Supplied data
▬▬▬▬▬▬

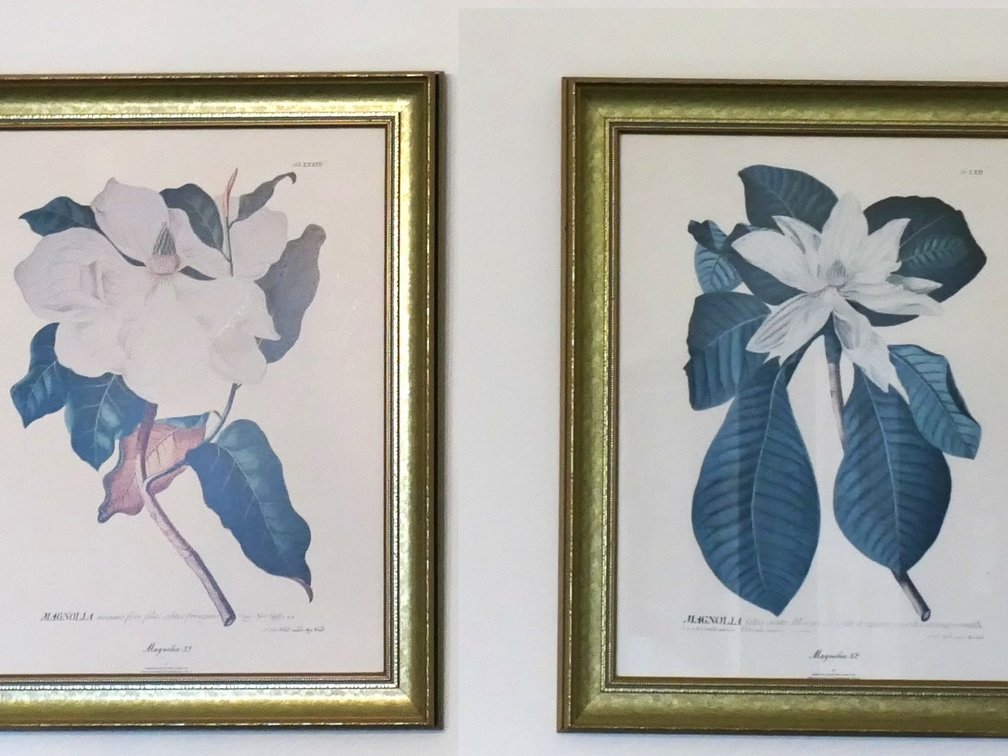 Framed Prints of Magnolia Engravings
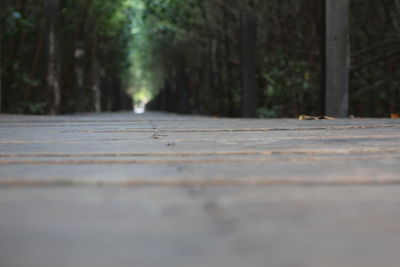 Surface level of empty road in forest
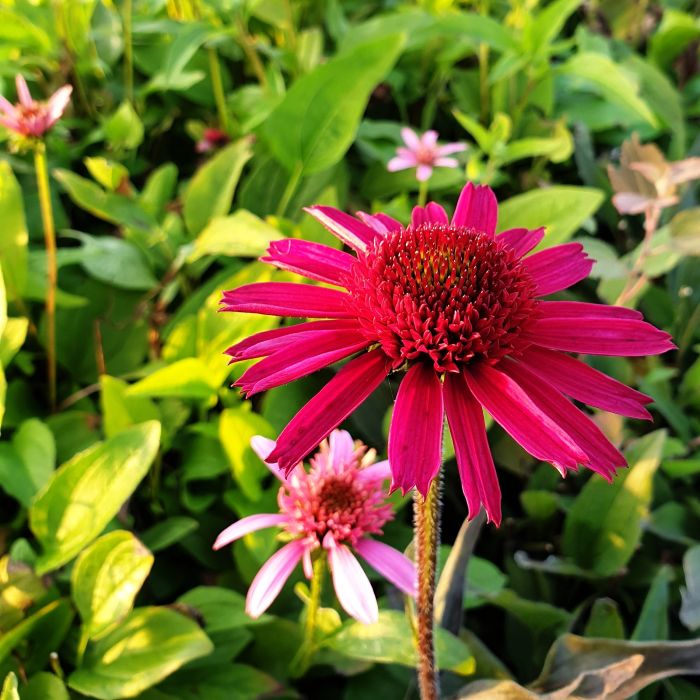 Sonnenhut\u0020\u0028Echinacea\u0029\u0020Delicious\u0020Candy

▬▬▬▬▬▬

What to produce
The listing above, line by line: print it exactly, but not its pictures.

Finished exercise
 Framed Prints of Magnolia Engravings
 Surface level of empty road in forest
 Sonnenhut\u0020\u0028Echinacea\u0029\u0020Delicious\u0020Candy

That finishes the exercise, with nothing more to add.